▶ [What you need to do]: Please report how many lines in the records below contain "Steel". Reply with the number alone.

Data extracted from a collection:
------------------------------------------------

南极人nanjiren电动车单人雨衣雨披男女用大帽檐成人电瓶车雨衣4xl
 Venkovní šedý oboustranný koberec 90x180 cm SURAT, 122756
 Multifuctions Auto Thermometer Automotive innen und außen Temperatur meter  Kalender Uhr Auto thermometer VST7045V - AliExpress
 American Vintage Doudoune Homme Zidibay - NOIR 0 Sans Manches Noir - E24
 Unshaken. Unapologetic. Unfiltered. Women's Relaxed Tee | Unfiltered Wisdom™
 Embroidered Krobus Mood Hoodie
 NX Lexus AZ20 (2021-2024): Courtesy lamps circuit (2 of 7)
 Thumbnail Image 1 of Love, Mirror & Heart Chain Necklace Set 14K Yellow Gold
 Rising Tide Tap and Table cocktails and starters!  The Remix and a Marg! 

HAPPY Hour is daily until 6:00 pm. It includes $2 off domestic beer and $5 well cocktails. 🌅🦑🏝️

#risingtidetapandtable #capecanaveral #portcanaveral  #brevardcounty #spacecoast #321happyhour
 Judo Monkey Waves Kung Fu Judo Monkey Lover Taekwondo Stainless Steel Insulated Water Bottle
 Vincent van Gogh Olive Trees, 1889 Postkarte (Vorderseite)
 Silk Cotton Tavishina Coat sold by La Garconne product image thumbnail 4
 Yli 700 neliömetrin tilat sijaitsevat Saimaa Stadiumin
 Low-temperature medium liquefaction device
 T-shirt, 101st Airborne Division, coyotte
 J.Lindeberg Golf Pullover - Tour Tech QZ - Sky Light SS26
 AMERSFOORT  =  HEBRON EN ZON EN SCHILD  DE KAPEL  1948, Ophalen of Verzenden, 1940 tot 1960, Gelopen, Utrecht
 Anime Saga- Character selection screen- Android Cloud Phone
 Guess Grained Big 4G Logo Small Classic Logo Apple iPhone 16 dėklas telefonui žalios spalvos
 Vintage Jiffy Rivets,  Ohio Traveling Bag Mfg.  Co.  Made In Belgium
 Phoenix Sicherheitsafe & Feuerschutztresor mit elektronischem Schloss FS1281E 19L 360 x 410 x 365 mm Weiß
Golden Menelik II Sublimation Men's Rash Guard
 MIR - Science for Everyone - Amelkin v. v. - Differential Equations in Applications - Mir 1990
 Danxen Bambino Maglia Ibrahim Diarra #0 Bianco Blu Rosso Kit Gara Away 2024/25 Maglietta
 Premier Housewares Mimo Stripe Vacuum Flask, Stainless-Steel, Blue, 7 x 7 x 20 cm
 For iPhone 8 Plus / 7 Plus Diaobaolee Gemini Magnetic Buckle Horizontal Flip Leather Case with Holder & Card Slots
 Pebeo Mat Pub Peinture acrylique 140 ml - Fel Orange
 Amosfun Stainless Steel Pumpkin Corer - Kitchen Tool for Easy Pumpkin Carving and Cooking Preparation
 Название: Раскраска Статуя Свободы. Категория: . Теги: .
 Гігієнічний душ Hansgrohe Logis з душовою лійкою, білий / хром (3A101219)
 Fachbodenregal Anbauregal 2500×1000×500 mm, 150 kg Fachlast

------------------------------------------------

▶ [Answer to this problem]: 3